The system is accessible function passing by a sort ordering that equates all sorts.

We start by computing the following initial DP problem:

  P1. (1)  le#(s(U), s(V)) => le#(U, V)
      (2)  eq#(s(X1), s(Y1)) => eq#(X1, Y1)
      (3)  minsort#(cons(X2, Y2)) => min#(X2, Y2)
      (4)  minsort#(cons(X2, Y2)) => min#(X2, Y2)
      (5)  minsort#(cons(X2, Y2)) => del#(min(X2, Y2), cons(X2, Y2))
      (6)  minsort#(cons(X2, Y2)) => minsort#(del(min(X2, Y2), cons(X2, Y2)))
      (7)  min#(V2, cons(W2, P2)) => le#(V2, W2)
      (8)  min#(V2, cons(W2, P2)) => min#(V2, P2)
      (9)  min#(V2, cons(W2, P2)) => min#(W2, P2)
      (10) min#(V2, cons(W2, P2)) => if#(le(V2, W2), min(V2, P2), min(W2, P2))
      (11) del#(Y3, cons(U3, V3)) => eq#(Y3, U3)
      (12) del#(Y3, cons(U3, V3)) => del#(Y3, V3)
      (13) del#(Y3, cons(U3, V3)) => if#(eq(Y3, U3), V3, cons(U3, del(Y3, V3)))
      (14) map#(J3, cons(X4, Y4)) => map#(J3, Y4)
      (15) filter#(H4, cons(W4, P4)) => filter2#(H4(W4), H4, W4, P4)
      (16) filter2#(true, F5, Y5, U5) => filter#(F5, U5)
      (17) filter2#(false, H5, W5, P5) => filter#(H5, P5)

***** We apply the Graph Processor on P1.

Considering the 7 SCCs, this DP problem is split into the following new problems.

  P2. (1) le#(s(U), s(V)) => le#(U, V)

  P3. (1) eq#(s(X1), s(Y1)) => eq#(X1, Y1)

  P4. (1) min#(V2, cons(W2, P2)) => min#(V2, P2)
      (2) min#(V2, cons(W2, P2)) => min#(W2, P2)

  P5. (1) del#(Y3, cons(U3, V3)) => del#(Y3, V3)

  P6. (1) minsort#(cons(X2, Y2)) => minsort#(del(min(X2, Y2), cons(X2, Y2)))

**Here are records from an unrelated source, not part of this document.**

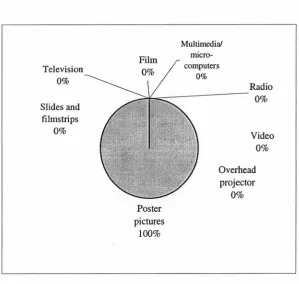 Figure 4.2(b): Audio-visual materials as resources 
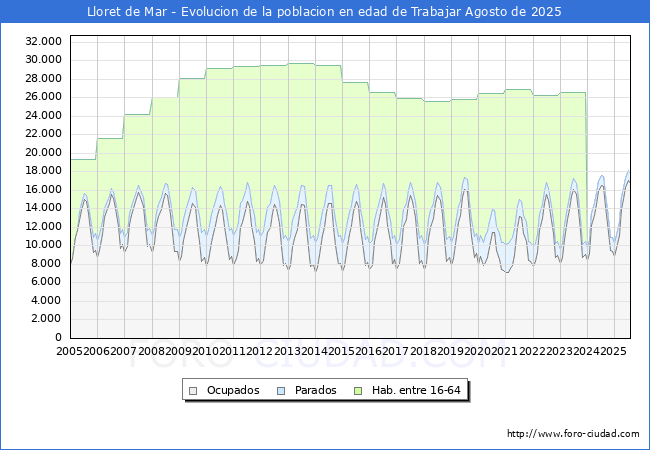 Evolucin Afiliados a la Seguridad Social, parados y poblacin en edad de trabajar para el Municipio de Lloret de Mar hasta Agosto del 2025.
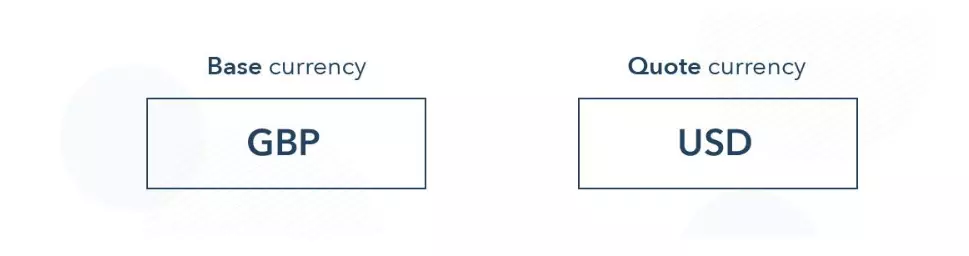 base currency GBP quote currency USD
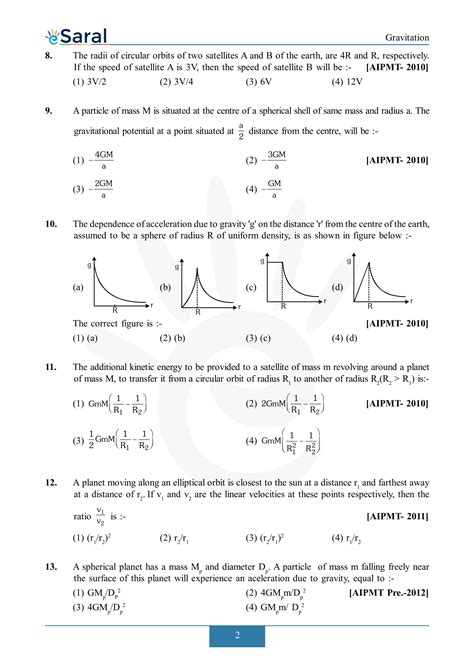 Gravitation Physics NEET Previous Year Questions - ExamSIDE.Com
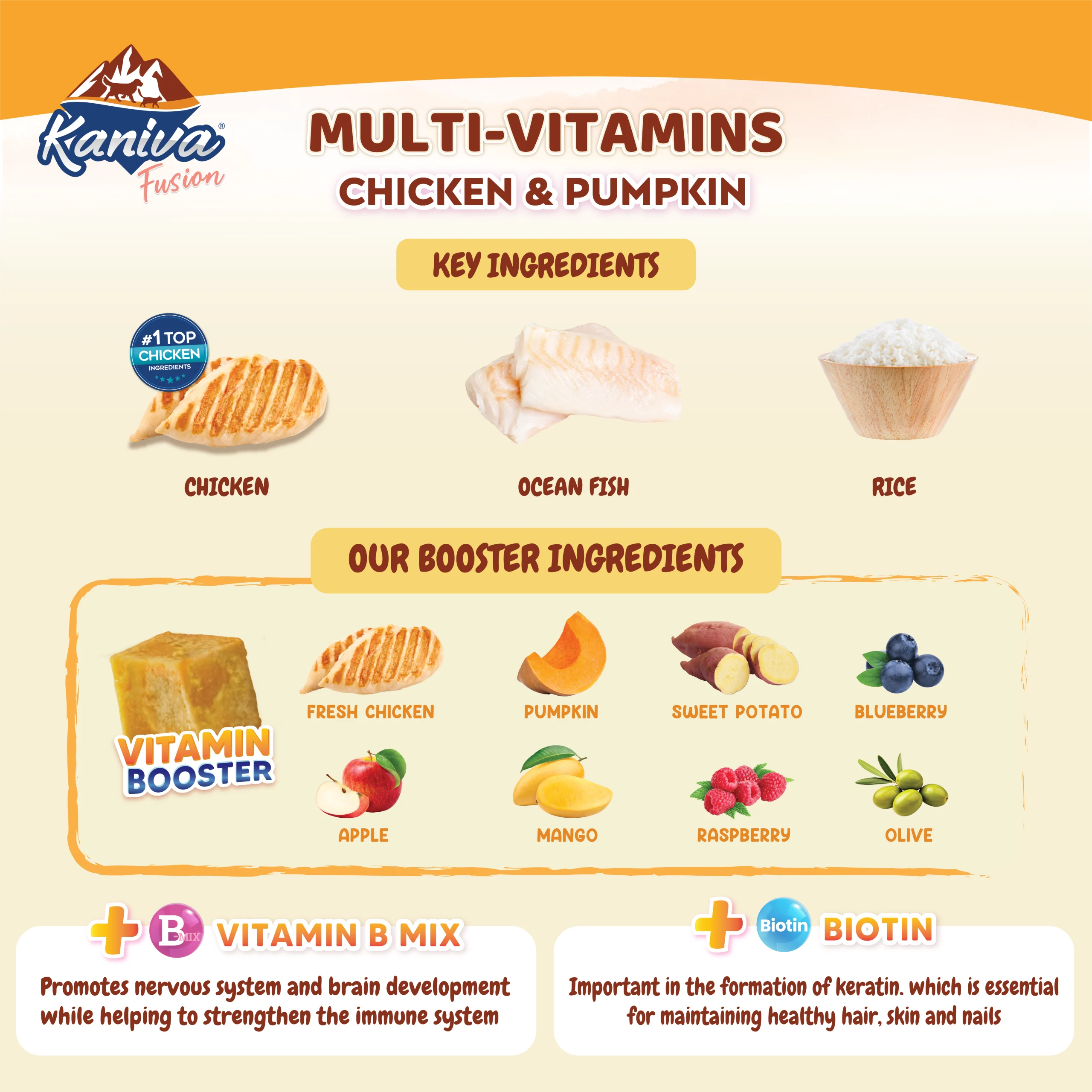 Kaniva Fusion Multi-Vitamin / Vitamin Booster (Chicken Pumpkin) - Image 3
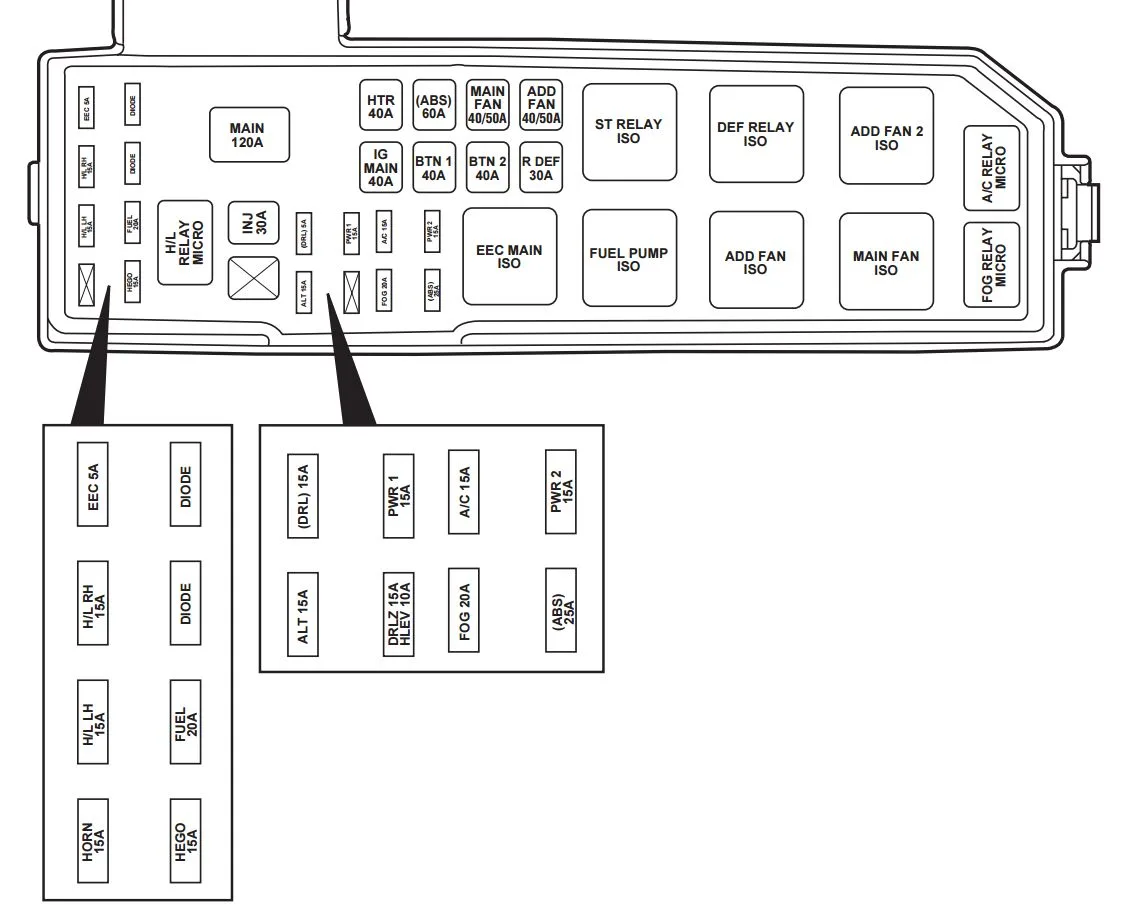 Diagram 2001 Mazda Tribute Fuse Panel Diagram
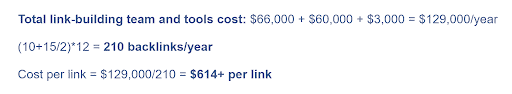 Cost Details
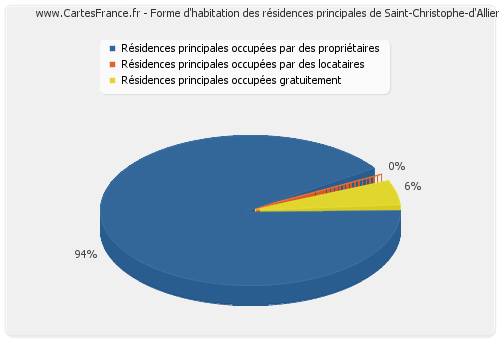 Forme d'habitation des résidences principales de Saint-Christophe-d'Allier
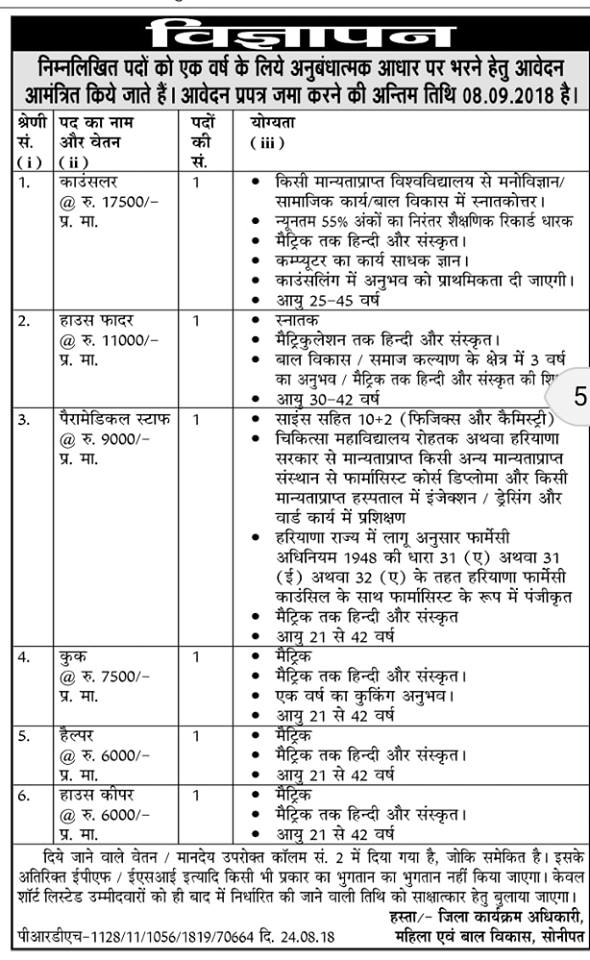 Job in Sonipat महिला एवं बाल विकास कार्यालय Teacher Haryana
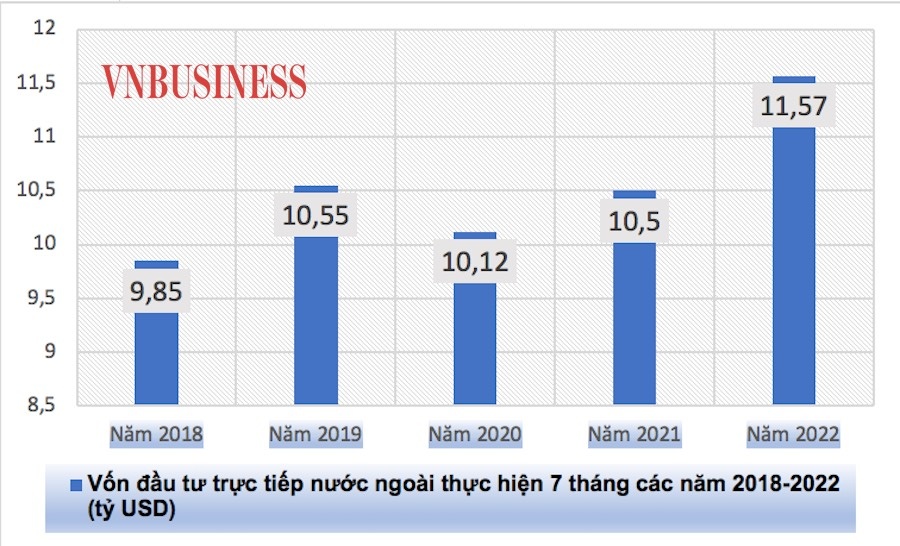 FDI-thuc-hien-6927-1659516280.jpg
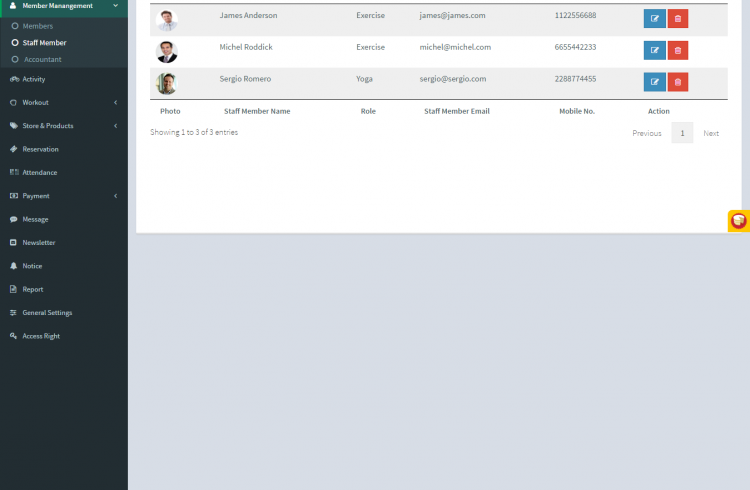 Danh sách nhân viên phòng Gym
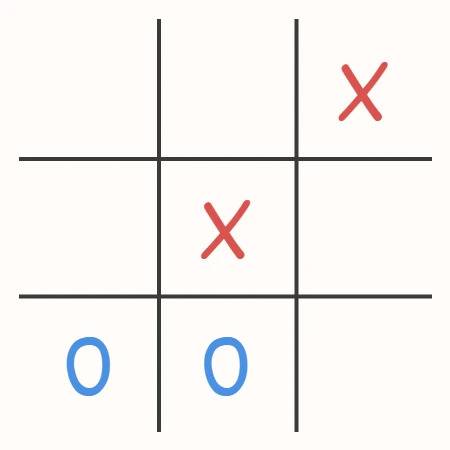 Tic-Tac-Oh! Game Poster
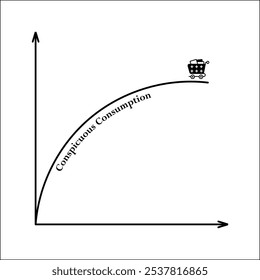 Ilustração vetorial de Conclusão conspícua. Modelo infográfico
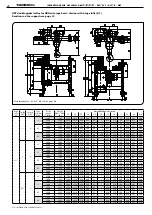 Preview for 29 page of Donati DRH 1 Series Instructions For Use Manual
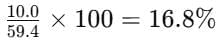 Tables: Introduction & Solved Examples | General Aptitude for GATE - Mechanical Engineering
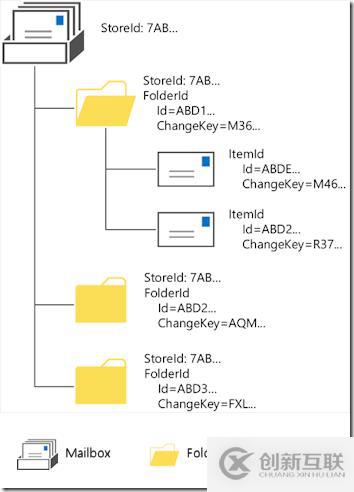 學(xué)習(xí)筆記-Exchange Web Service API-開(kāi)發(fā)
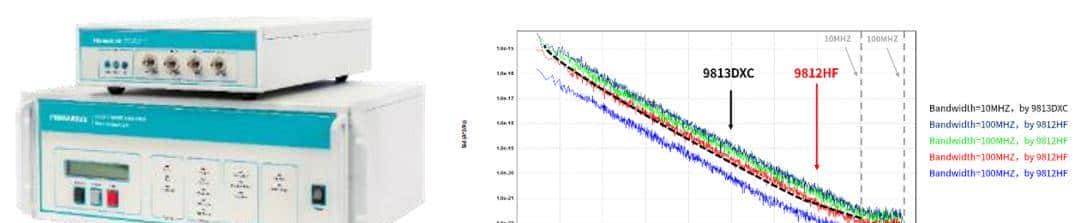 低频噪声测试：把看不见的问题看清楚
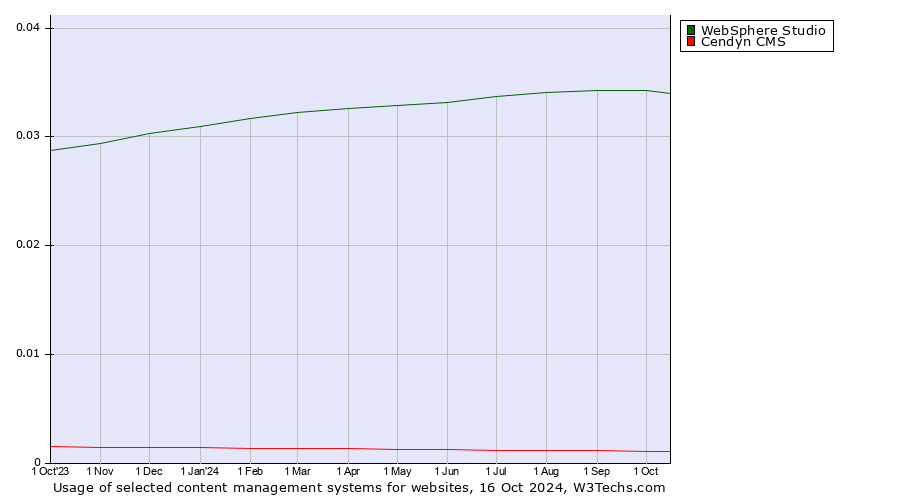 Historical trends in the usage of WebSphere Studio vs. Cendyn CMS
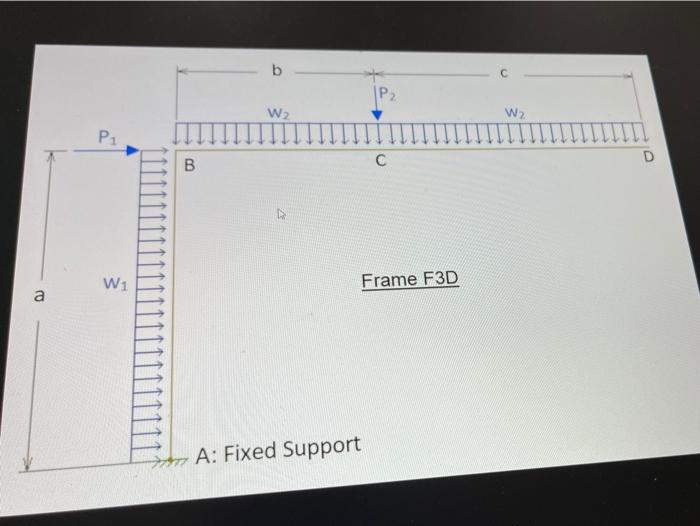 Solved b P2 W2 W2 P1 D 00 с W1 Frame F3D a * A: Fixed | Chegg.com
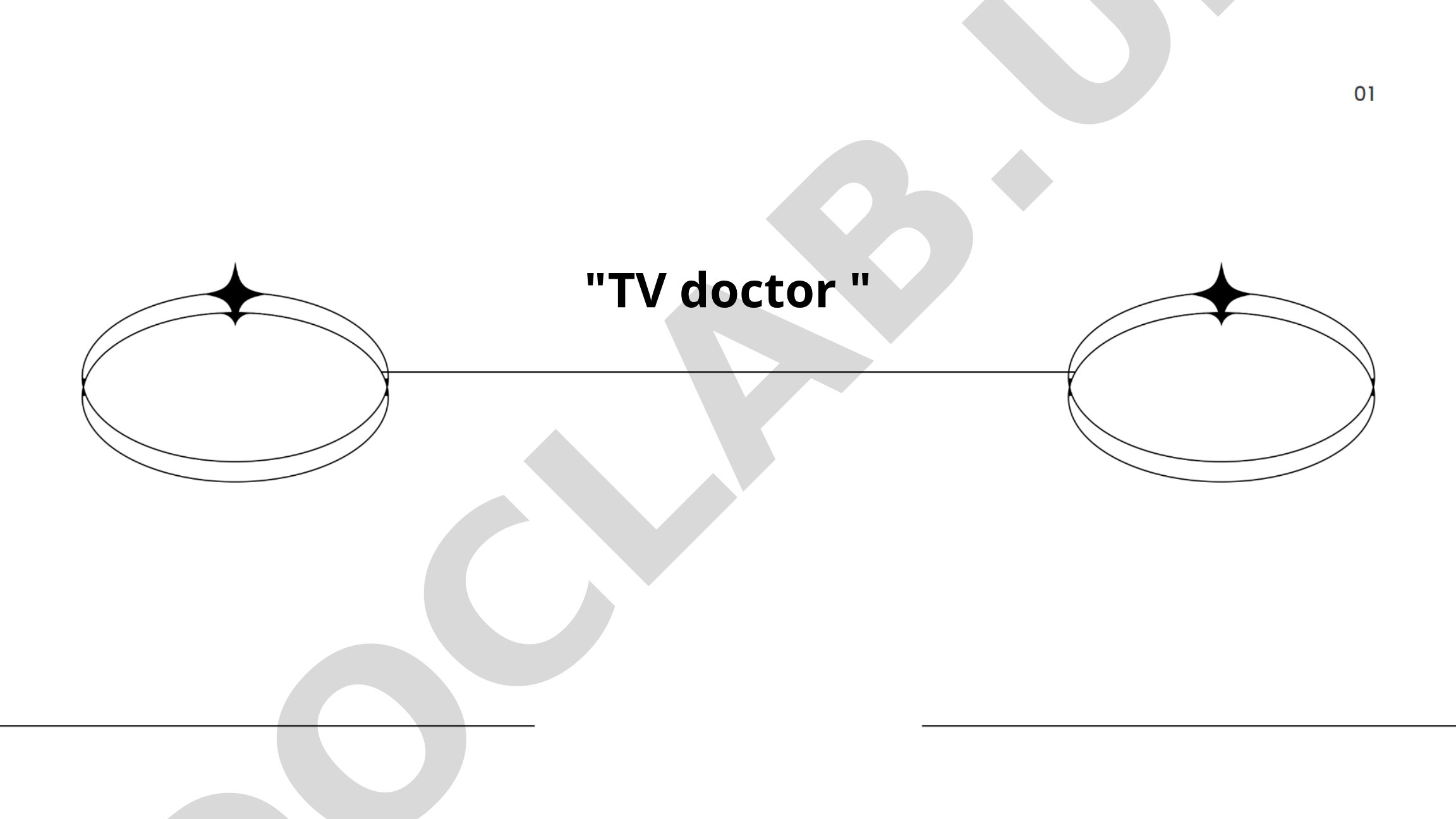 Televizion shifokorlar tarixi va ta'siri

  P7. (1) map#(J3, cons(X4, Y4)) => map#(J3, Y4)

  P8. (1) filter#(H4, cons(W4, P4)) => filter2#(H4(W4), H4, W4, P4)
      (2) filter2#(true, F5, Y5, U5) => filter#(F5, U5)
      (3) filter2#(false, H5, W5, P5) => filter#(H5, P5)

***** We apply the Subterm Criterion Processor on P2.

We use the following projection function:

  nu(le#) = 1

We thus have:

  (1) s(U) |>| U

All DPs are strictly oriented, and may be removed.  Hence, this DP problem is finite.

***** We apply the Subterm Criterion Processor on P3.

We use the following projection function:

  nu(eq#) = 1

We thus have:

  (1) s(X1) |>| X1

All DPs are strictly oriented, and may be removed.  Hence, this DP problem is finite.

***** We apply the Subterm Criterion Processor on P4.

We use the following projection function:

  nu(min#) = 2

We thus have:

  (1) cons(W2, P2) |>| P2
  (2) cons(W2, P2) |>| P2

All DPs are strictly oriented, and may be removed.  Hence, this DP problem is finite.

***** We apply the Subterm Criterion Processor on P5.

We use the following projection function:

  nu(del#) = 2

We thus have:

  (1) cons(U3, V3) |>| V3

All DPs are strictly oriented, and may be removed.  Hence, this DP problem is finite.

***** No progress could be made on DP problem P6.